• Exercise aim
Your task is to transcribe the records exactly, skipping every image.

+++ Records provided

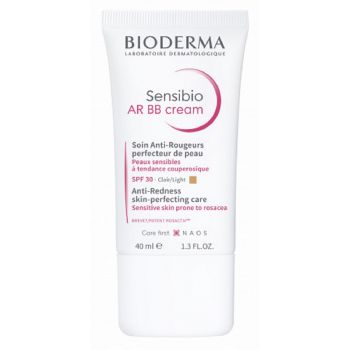 BIODERMA SENSIBIO AR BB CREAM 40ML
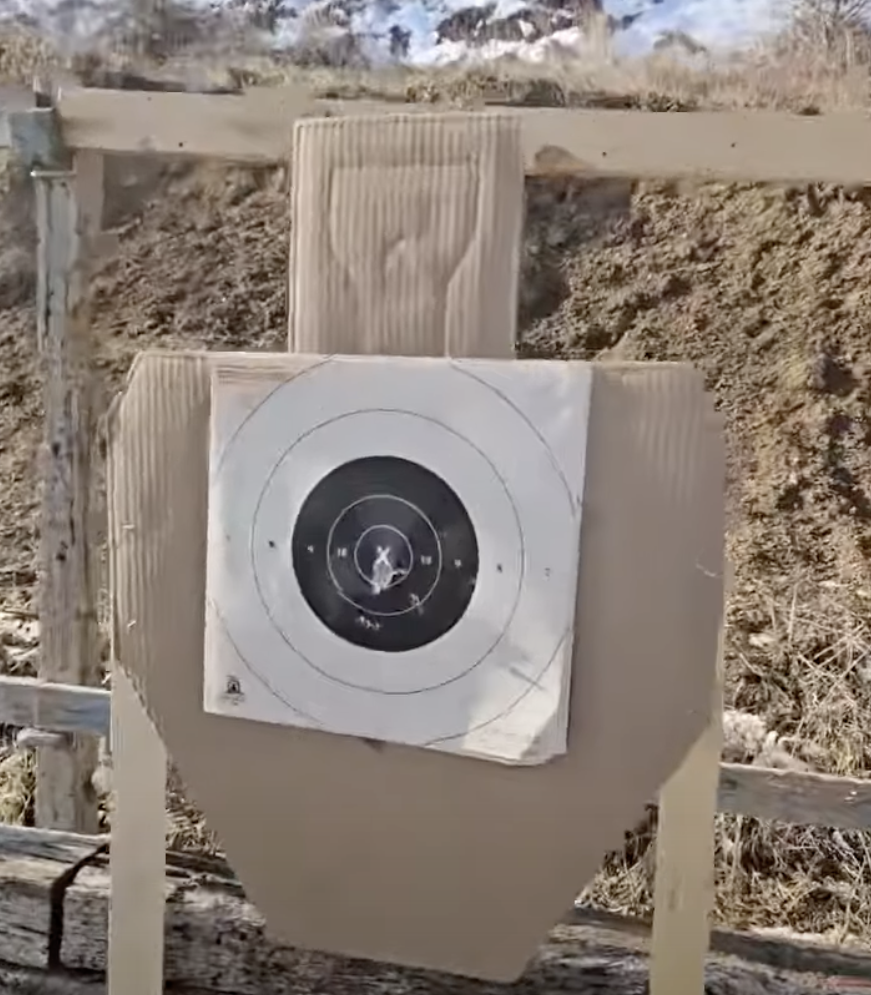 Look for disconfirming evidence: How to measure real pistol shooting performance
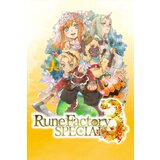 Steam Rune Factory 3 Special (PC) Key GLOBAL | ePonuda.com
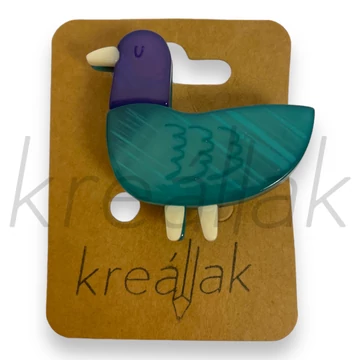 Bross - Kacsa kiűző kék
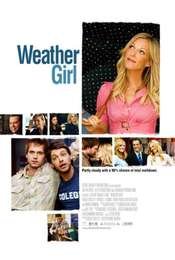 Weather Girl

++++++

• Result of this task
 BIODERMA SENSIBIO AR BB CREAM 40ML
 Look for disconfirming evidence: How to measure real pistol shooting performance
 Steam Rune Factory 3 Special (PC) Key GLOBAL | ePonuda.com
 Bross - Kacsa kiűző kék
 Weather Girl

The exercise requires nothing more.